A classic American sandwich featuring thinly sliced steak, melted cheese, and sautéed onions and peppers, all served on a crusty roll.
1 lb ribeye steak, thinly sliced 4 slices provolone cheese 2 bell peppers, thinly sliced 1 large onion, thinly sliced 4 hoagie rolls
Prepare the Steak: Heat a skillet over medium-high heat. Add a drizzle of oil and cook the thinly sliced ribeye steak until browned and cooked through, about 2-3 minutes per side. Remove from skillet and set aside.
Sauté Onions and Peppers: In the same skillet, add a bit more oil if needed and sauté the sliced onions and bell peppers until they are soft and slightly caramelized, about 5-7 minutes. Remove from skillet and set aside.
Melt the Cheese: Reduce the heat to low.

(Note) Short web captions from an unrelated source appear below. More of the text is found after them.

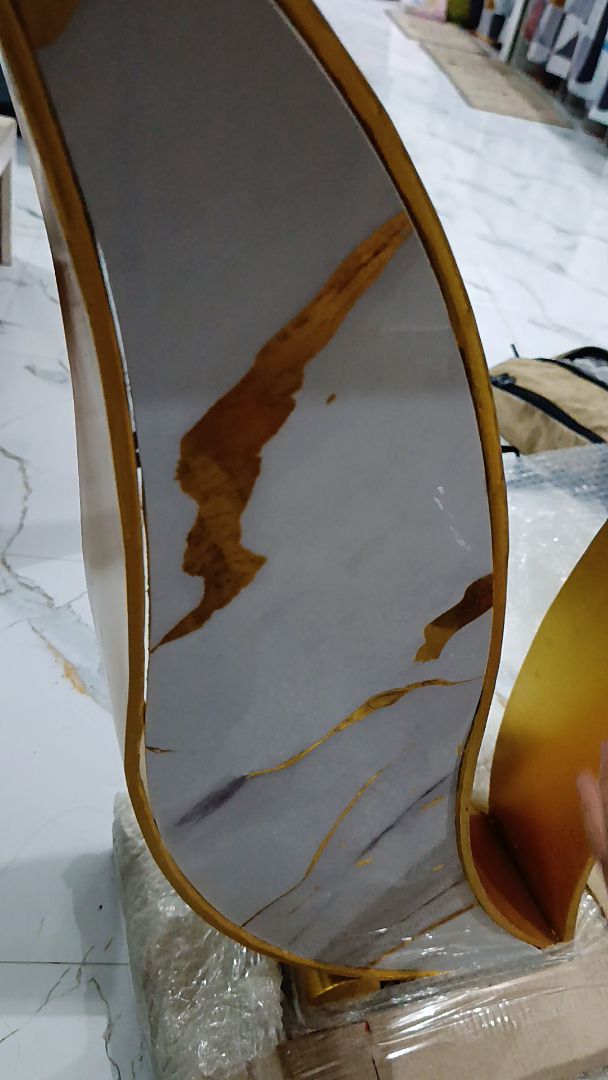 Foto pembeli Aesthetic Console Table Entryway Foyer - MEJA LIONI - Modern Minimalist Plat Besi Gold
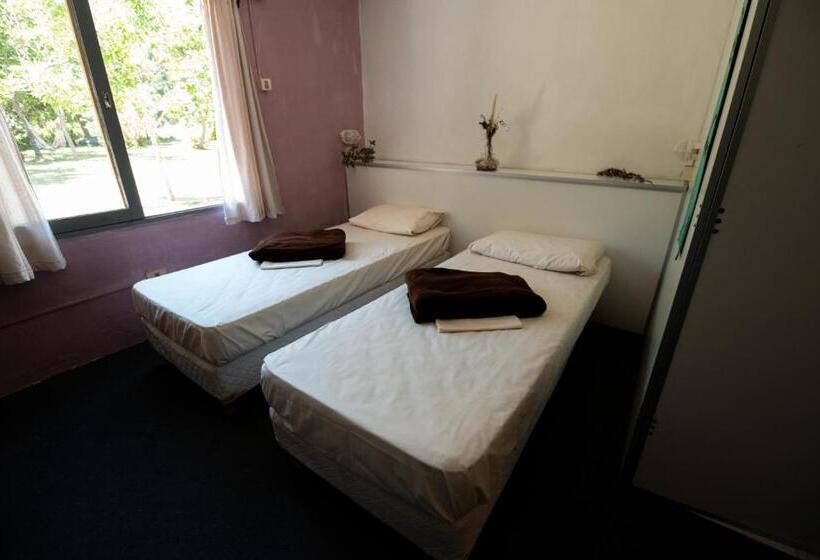 スタンダード４人部屋, Mundaka Hostel Y Bar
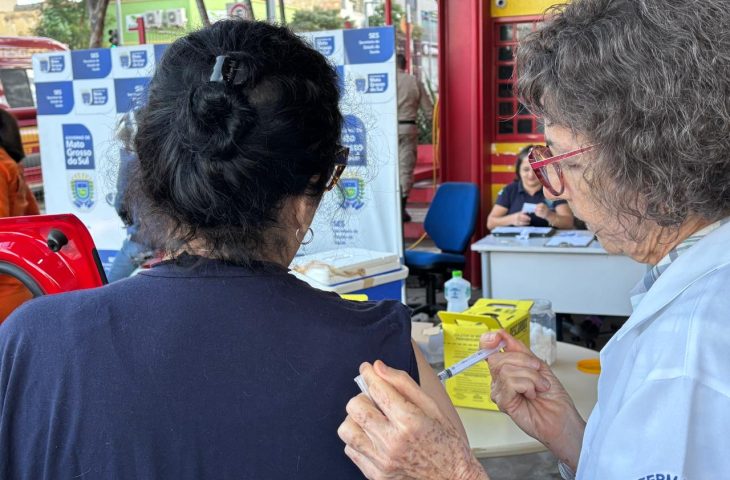 Drive-thru de Vacinação em Campo Grande Atinge 4 Mil Doses Aplicadas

Return the cooked steak to the skillet and layer the provolone cheese slices on top. Cover with a lid and let the cheese melt over the steak, about 1-2 minutes. Remove from heat.
Prepare the Rolls: While the cheese is melting, lightly toast the hoagie rolls under the broiler or in a toaster oven until they are warm and slightly crisp.
Assemble the Sandwiches: Divide the cheesy steak mixture evenly among the toasted hoagie rolls. Top each sandwich with the sautéed onions and peppers. Serve immediately while warm.